Unter allen heutigen Hirnforschern kam Sir John Eccles dem cartesianischen Dualismus wohl am nächsten. Freilich bezeichnete der Nobelpreisträger sich selbst lieber als "Trialist" und basierte sein Denken auf Karl Poppers Modell der "drei Welten", das zwischen sinnlich erfahrbaren Gegenständen (Welt 1), "subjektivem Wissen" (Welt 2) und "Wissen im objektiven Sinne" (Welt 3) unterscheidet. Da diese drei Welten allerdings in pausenloser Wechselwirkung miteinander stünden und sich gegenseitig beeinflußten, bezeichnete sich Eccles auch als "trialistischer Interaktionist": Nicht nur der Geist wirkt auf das Gehirn. Das Gehirn und seine darin gespeicherten Erfahrungen beeinflussen auch das Bewußtsein.
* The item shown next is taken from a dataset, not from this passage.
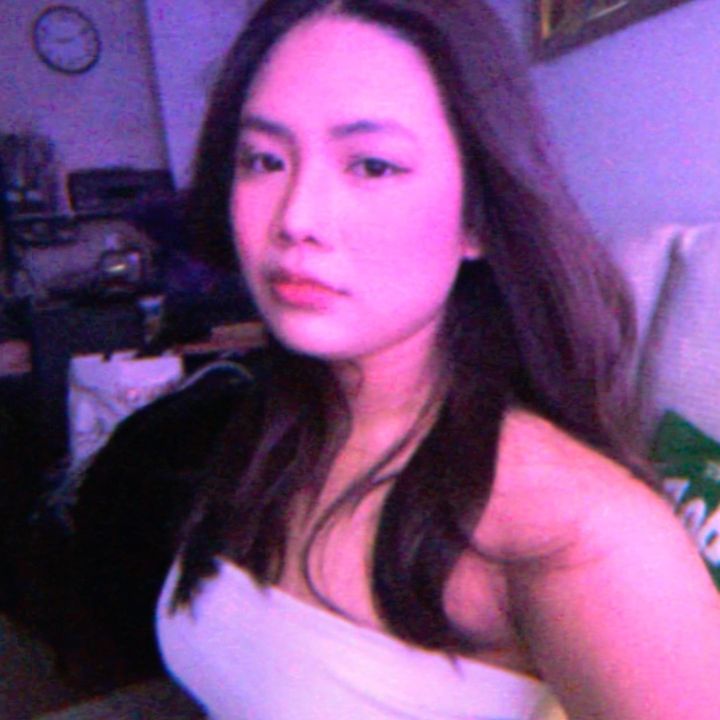 heyseljeon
Ähnlich wie Descartes beschäftigte sich Eccles ausgiebig mit der Frage, wie denn der von Gott geschaffene Geist auf das materielle Gehirn einwirken könne. Schließlich soll diese Einwirkung weder materiell noch energetisch sein (denn da der Geist nicht-materiell ist, würden sonst die physikalischen Erhaltungssätze verletzt). Des Rätsels Lösung lag für den Neurophysiologen allerdings nicht in der Zirbeldrüse, sondern - wenig überraschend - auf seinem ureigensten Forschungsgebiet: in der Reizleitung zwischen den Neuronen. Jede Zelle besitzt bis zu 10 000 Schaltstellen (Synapsen) zu Nachbarzellen. Erreicht ein Nervenreiz eine Zelle, öffnen sich winzige Säckchen (sogenannte Vesikel) und setzen chemische Botenstoffe (Neurotransmitter) frei. Diese Transmitter durchqueren den Spalt, der die Synapsen zweier Nachbarzellen trennt und leiten den Reiz weiter. Freilich - und das war für Eccles der entscheidende Punkt - führt nicht jeder einlaufende Nervenimpuls zwangsläufig zur Ausschüttung eines Transmitterbläschens. Eccles deutete diese Tatsache so: Das Bewußtsein modifiziere die Wahrscheinlichkeit, mit der die Botenstoffe freigesetzt werden - auf diese Weise wirke der Geist auf das Gehirn ein.